For a species that exists at the apex of the trophic pyramid to co-opt such a disproportionate amount of energy is simply thermodynamically unstable. This is not to say that the energy must comes from the biosphere, now or in the future (obviously we're sucking moat of it from the last three hundred millions years or so of photosynthetic banking), but its expenditure during human activity is inextricably linked to the overall entropic state of the biosphere.

And as I said recently on another Rabbet Run thread, thermodynamics is a bitch. There's simply no way that a huge proportion of the sand in the sandpit can be stacked grain upon grain upon grain in one corner. Other civilisations found this out in the past: our turn is coming, with much of the thermodynamic debt to be paid by the agency of extinction - if not of our species, then by many others, both floral and faunal.

Thermodynamics/entropy imply an asymptote that defines maximum sustainable human energy use, no matt erhte source of the energy. Overdraw, and the excess will be paid with high interest.

And the bitch always gets her money back.

It's a lesson that too few understand, even amongst the scientific fraternity.


Bernard J.

THE CLIMATE WARS said...

And now for an inspirational message from Willis Eschenbach:

Chance the widdershins steps of the tarantella, lift the ancient curses and look under them for old coins and lost loves and dust bunnies with a vest and a gold pocketwatch, opt for an immediate increase in the uncertainty levels, stay away from the world of adrenalin deficit spending, hold your dearest warm under your heart while you dare the icy seas of life,

EliRabett said...

The dust bunnies are the ones to watch out for. Do you know how much global warming aerosols are responsible for?

THE CLIMATE WARS said...

No, but I hope the gold watch is waterproof and boiling stock resistant.

Robert Grumbine said...

I recall seeing an EOS article by Cesar Emiliani some years before Paul Crutzen's mention of the idea. Partly Emiliani was arguing for a zero year of about 10000 BC in current notation. But the basis included substantial reference to 'anthropocene' thinking.

Anyhow, easily found (in geological terms) evidence will include
* The Great Unconformity (farming has uprooted and blended the upper meters of a large fraction of the planet; add in slash and burn agriculture leaving an easy 'wild'fire signiature starting ca. 10,000 years ago)

* The Great Extinction (which will be distinguishable in, e.g. the loss of all large mammals from North America ca. 10000 years ago, plus major losses in amphibians and others in more recent times)

* The Atomic Age (above-ground nuclear testing has produced so many long-lived isotopes, and sent them so far around the world, that it'll be easy to detect for millions of years. One impactor was able to fling enough iridium around the world that we could find it easily 63 million years later. And that's for a trace element -- not afterwork of something purposefully enriched in U235.)

* Ice cores + trace metals (we can detect the onset of the Iron Age in the polar caps for the trace metals from refining. Current usage is trivial, comparatively, to see). (ok, have to assume that the ice sheets survive present activities, but if AA does, then no problem. A-Bomb debris is trivial at that range.)

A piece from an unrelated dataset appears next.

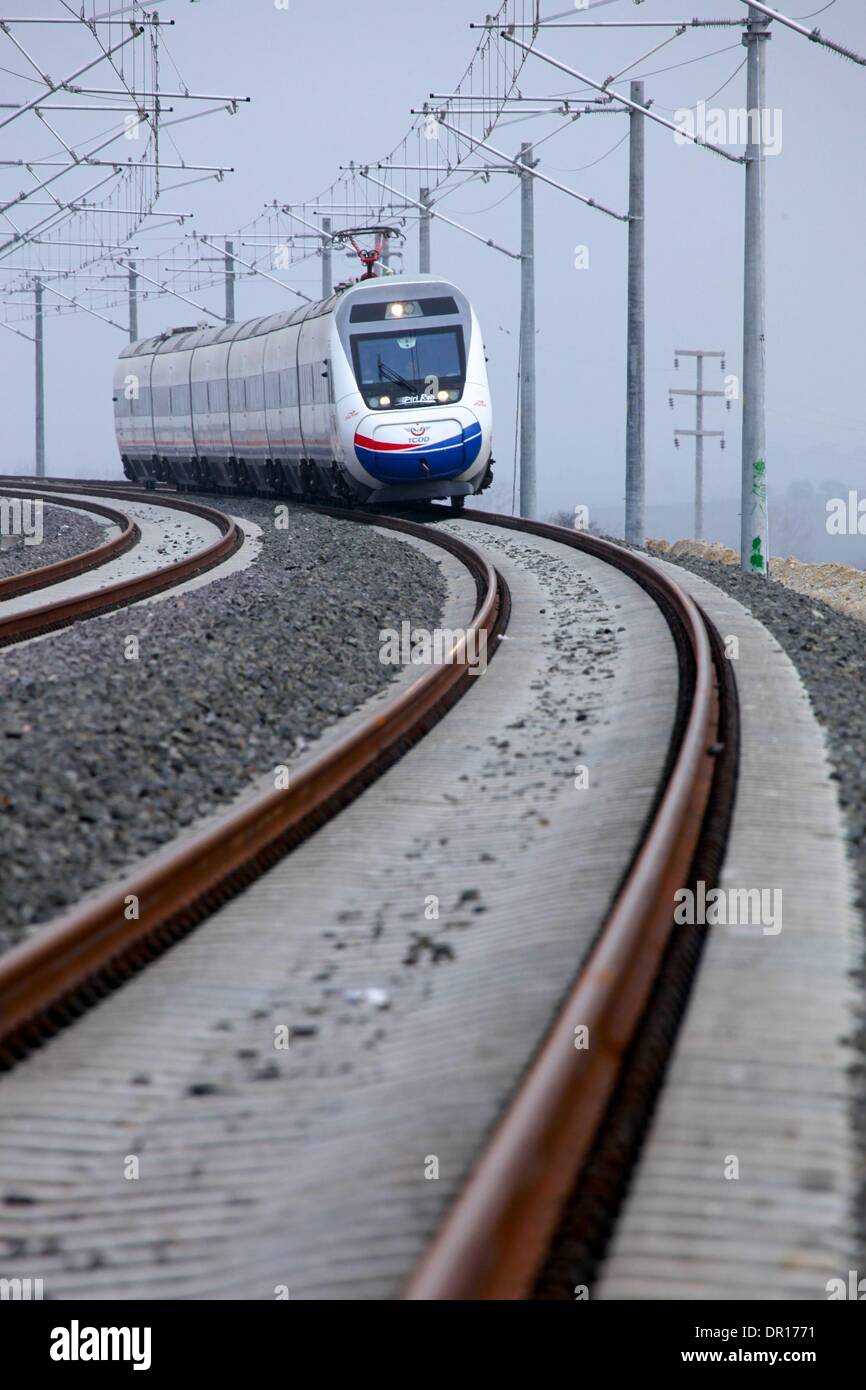 Turkey. 4th Jan, 2014. Photo taken on Jan. 4, 2014 shows a trial train take a test run on the Ankara-Istanbul high-speed railway constructed by China Railway Construction Corporation Limited (CRCC) in Turkey. Chinese railway department officals said on Jan. 4 that second phrase of the principal project of Ankara-Istanbul high-speed railway has been completed, marking the first of its kind in overseas market is about to open to traffic in a short term. © Liu Yu/Xinhua/Alamy Live News Stock Photo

* Dam deposits. (Even if the concrete + rebar of the Hoover Dam (e.g.) is undetectable, the rapid construction of a sediment wedge in a place where one would not be expected will be tell-tale. Aswan high dam, three gorges, .... There are plenty of dams that are building sediment wedges of some size. Thorough geological exploration will show them up.)

* Ocean C13 excursion (The fossil fuel carbon signature is depleted in 13C, and such excursions are easy to observe in the geologic record. One is at the KT boundary, 63 million years ago. Ours is already, I think, larger than that.)

* Ice Bubble CO2 levels (we're already far above anything observed in the past 800 ky, and have been for long enough that even an averaging process will show it.)


... and, no doubt, several more.

If the present layers of Antarctica survive 100 ky, then our future geologist should be easily able to get notice and date our activities to 1950 give or take 1000 years. For reasons related to those above 'BP' means 'Before Present', which is defined in those areas as 1950. So I'll go with that too.